For me, and I think for most, the biggest challenge when offering a balayage service to clients is how do you convert heavy blonde foil into something more soft and natural? These are the eight things you need to think about if you’re taking your client from foils to balayage.

  1. Firstly, we have to manage client expectations. Have a thorough consultation and be very clear about both the end result of that appointment and the longer term colour journey.
  2. Consider whether you can tint her back to her natural colour and then add the balayage in after? That would be ideal, wouldn’t it? But we live in an imperfect world and you need to consider the condition of the hair. More often than not, you’ll need to balayage darker pieces in rather than tinting all over.
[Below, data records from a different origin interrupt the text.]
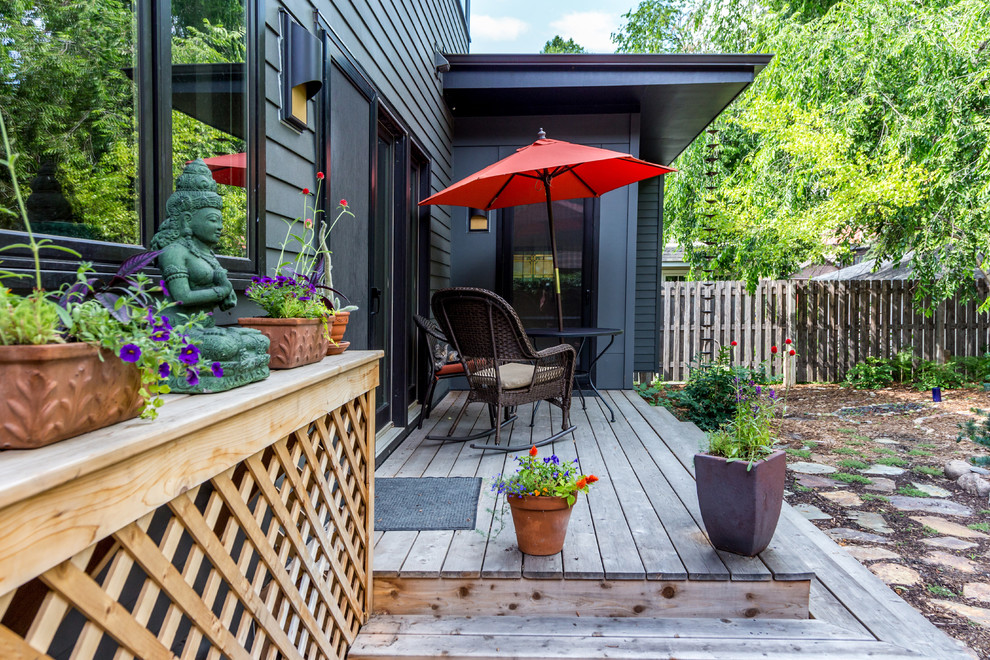 Photo of a mid-sized contemporary backyard deck in Minneapolis with no cover.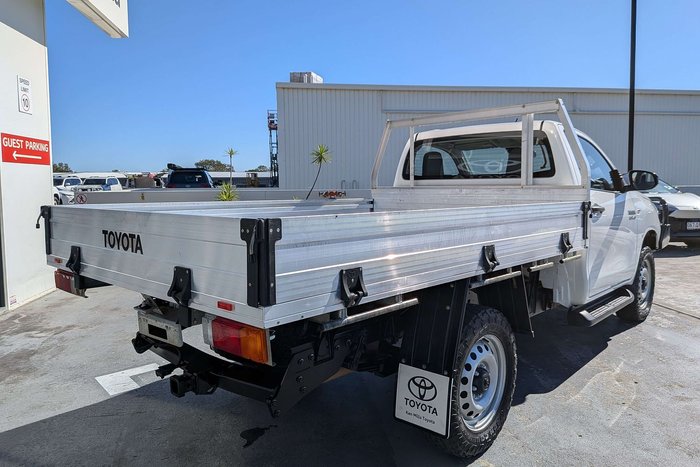 2020 Toyota Hilux SR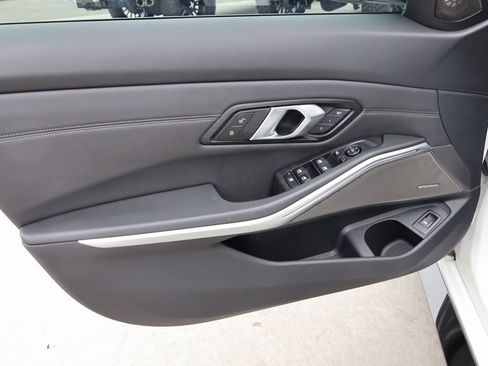 Used 2025 BMW M3 Competition image 10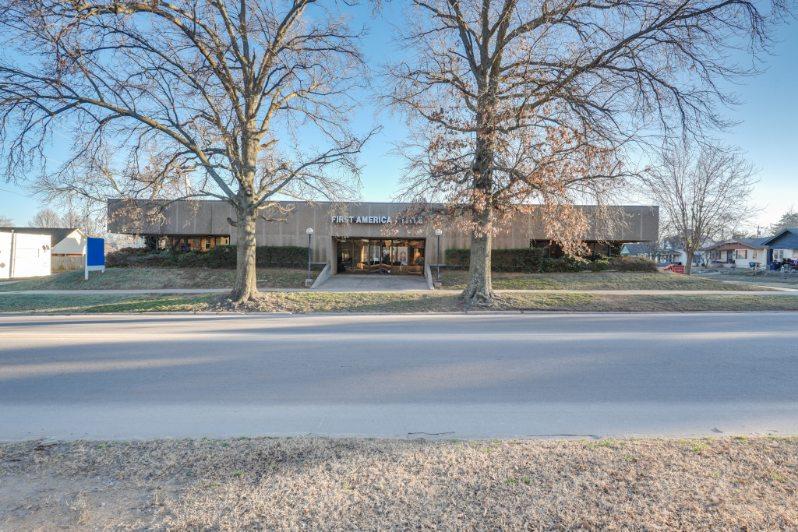 123 W Highland Street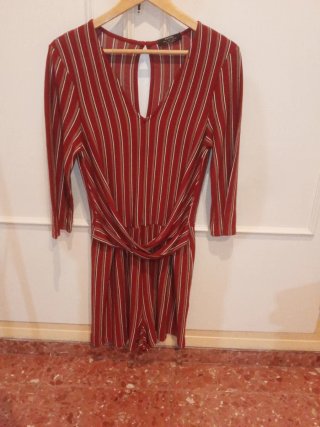 Mono corto granate con rayas Bershka
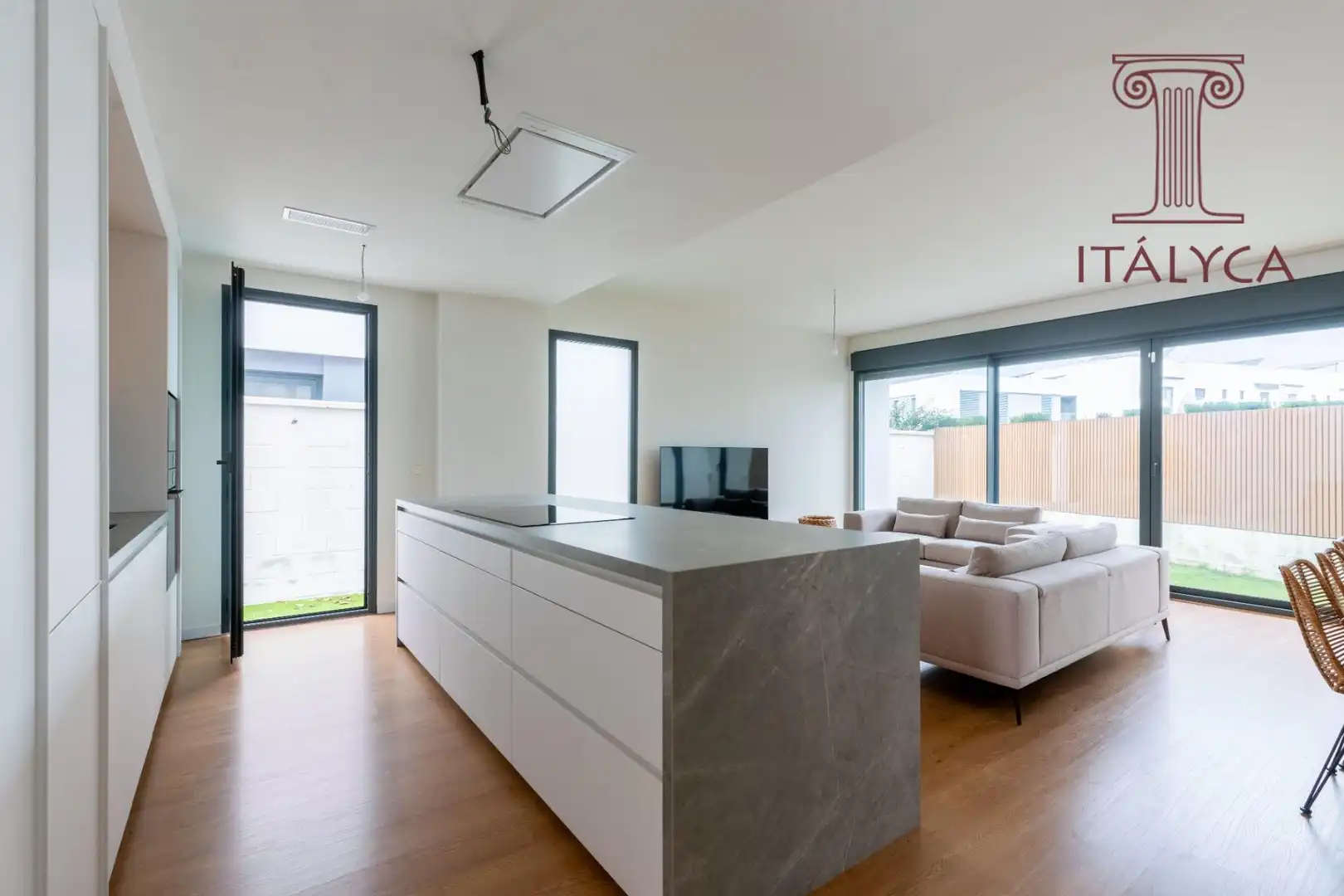Kitchen of Detached homes for sale in Mairena del Aljarafe  with Heating, Private garden and Terrace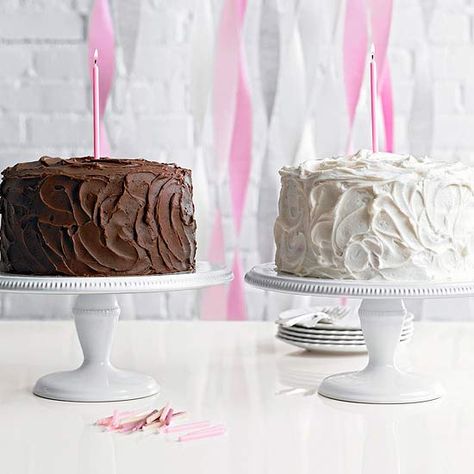 Five Frosting Tutorials for Cakes | Studio DIY® Frost A Cake, Sour Cream Frosting, Vanilla Birthday Cake, Frosting Techniques, Swirl Cake, Chocolate Cream Cheese, Studio Diy, Classic Cake, Cake Icing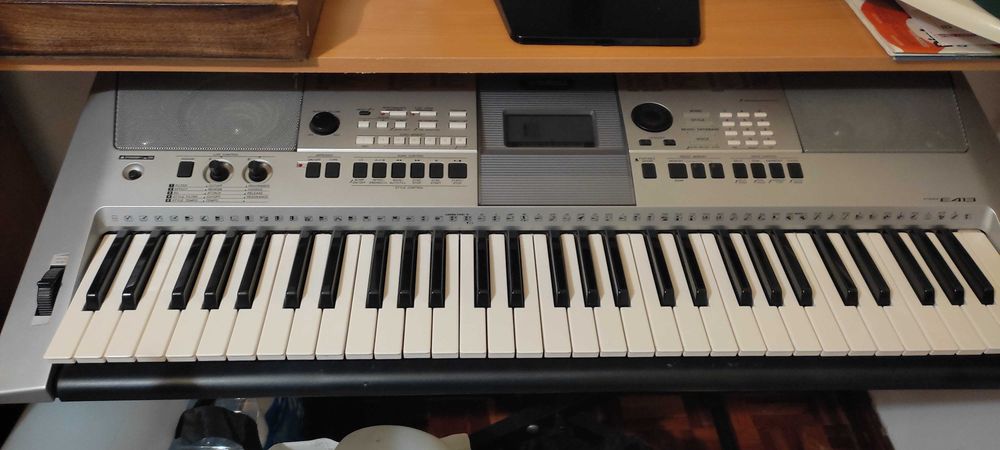 Vendo YAMAHA PSR-E413 — COMO NOVO | Excelente oportunidade!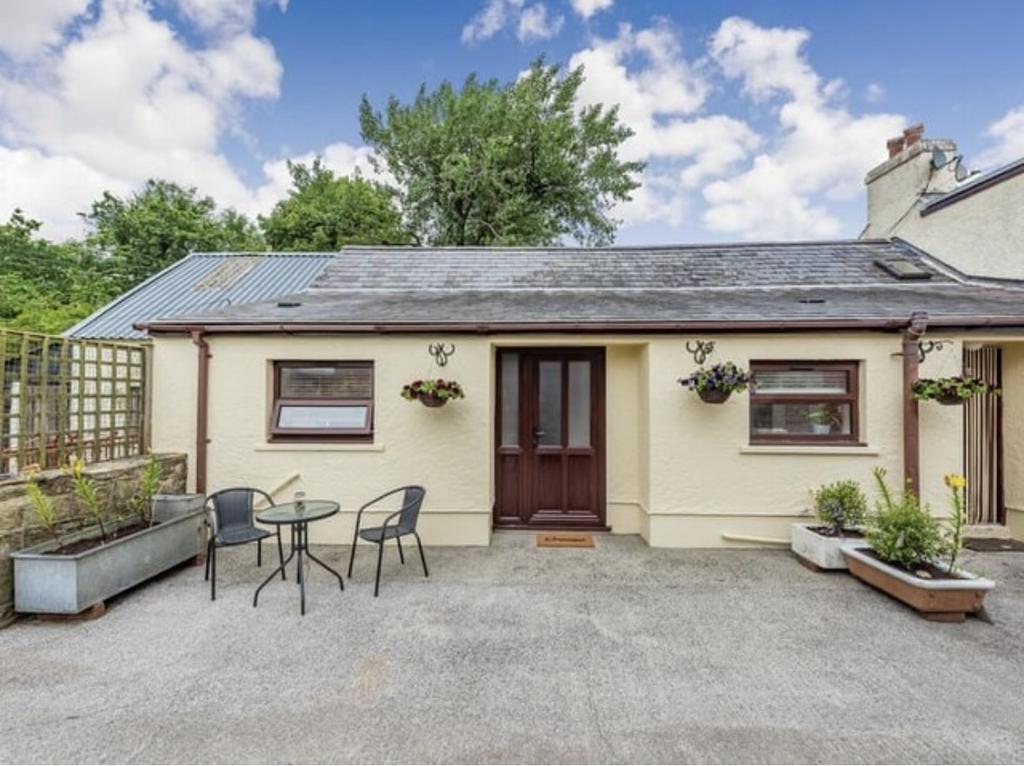 The cottage   front elevation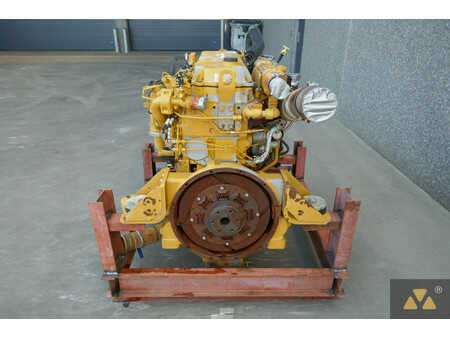 Voimansiirto  Caterpillar 4 (8)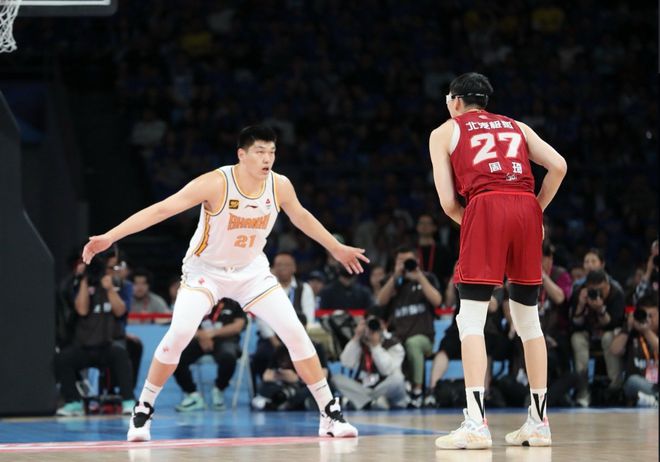 山西和北京系列赛G2刘传兴犯规致曾凡博受伤，G3却越战越勇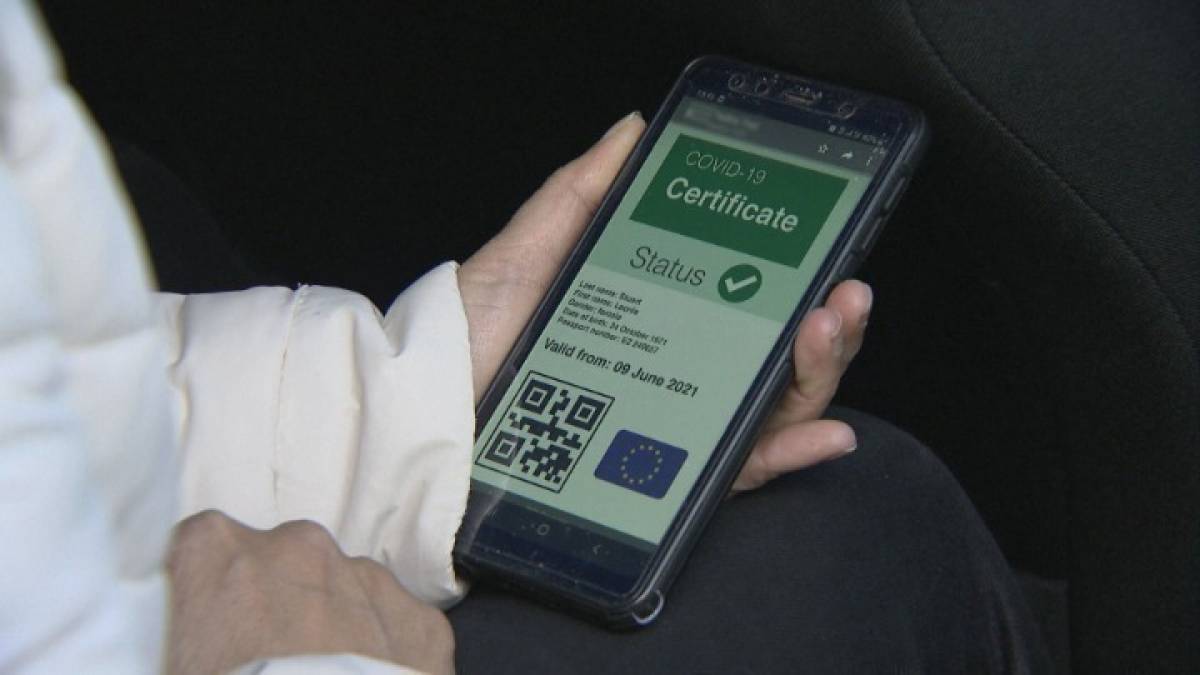 Εντοπίστηκαν 110.000 πλαστά πιστοποιητικά εμβολιασμού στη Γαλλία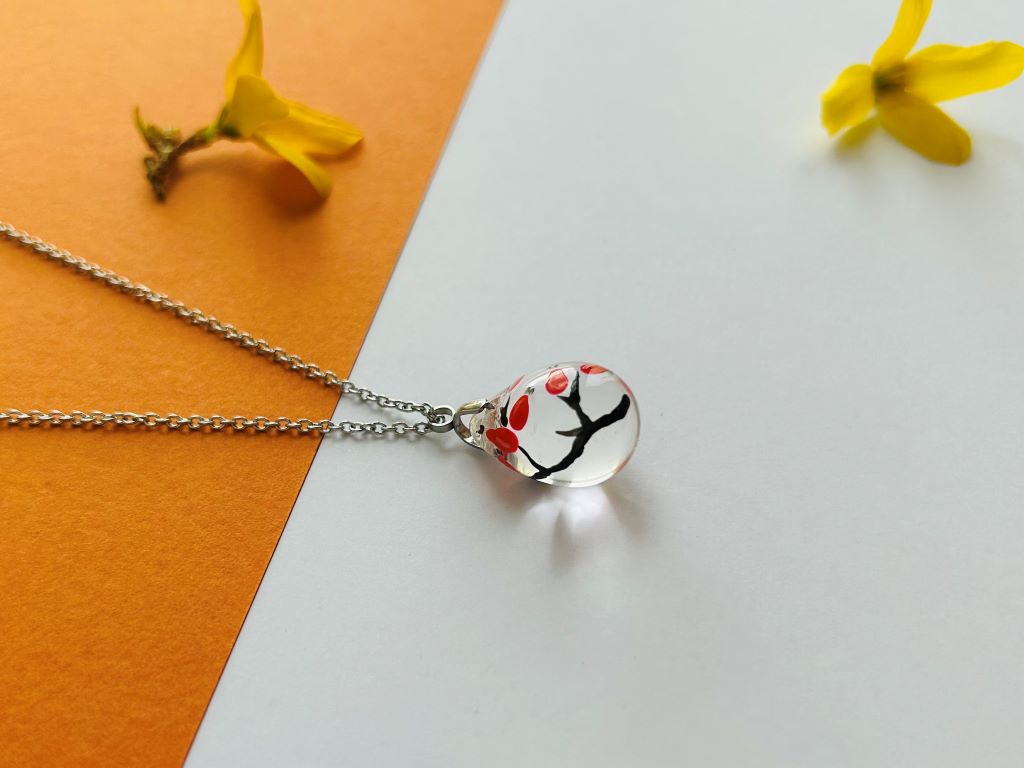 Glass necklace "Rosehip Tea"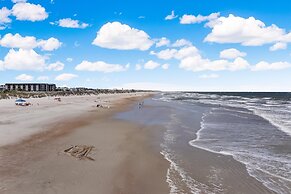 Tastefully Decorated Condo with Scenic Beach Views by RedAwning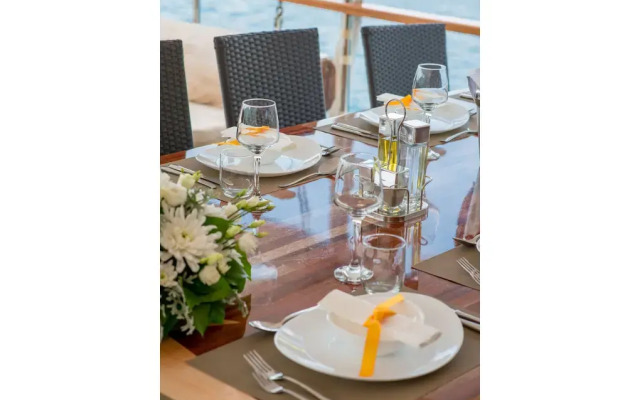 Dm Yachting - 7 Night Cruise Sun-Sun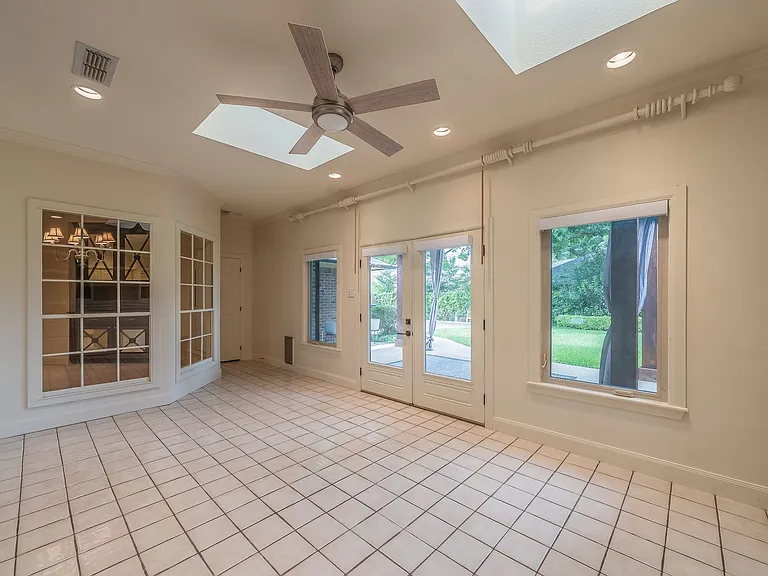 6724 Blue Meadow Dr — Photo 20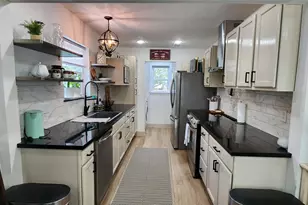 1002 Staples Ave, Seabrook, TX 77586 - Photo 7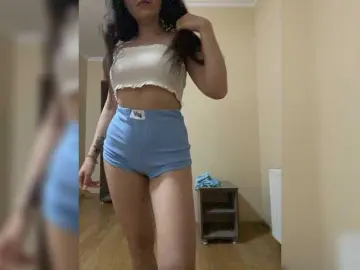 MalyshkaFox  live sex cam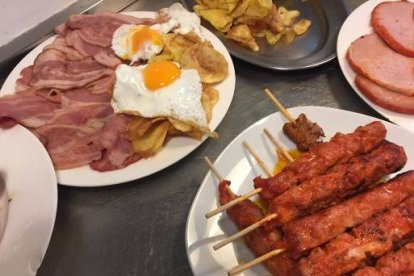 Platos combinados servidos en la cafetería de Burjassot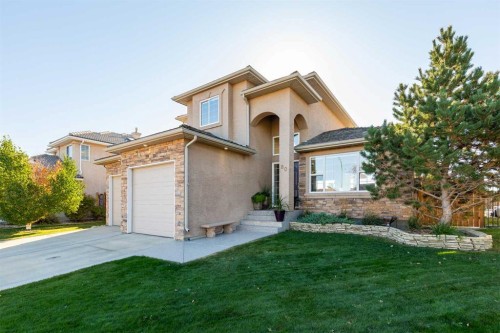 80 Canyon Boulevard West, Lethbridge, AB - Outdoor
  3. It’s so important to get the colour of the darker balayage right. I recommend one shade lighter than her natural colour and neutral in tone – most super blondes don’t like brassy reflects.
  4. Even though the client has a heavy foil – I bet her ends are darker. You have no choice but to lighten some of the ends with balayage. Use a very low developer for this and watch the condition.
  5. Think about how the client wears her hair. A heavily foil highlighted client is probably used to parting her hair in all directions, this means you will initially have to put more blonde balayage pieces through the top area to give her some flexibility.
  6. The darker balayage can be heavier through the back area as this will add depth to the overall look, but don’t put any dark pieces near the face.
  7. Generally I say less is more, BUT when you are transitioning a client away from heavy foil, its best to put more fine balayage pieces in to blend the overall look.
  8. Don’t forget the front! It’s that lovely big blonde piece that looks so natural that will clinch the deal.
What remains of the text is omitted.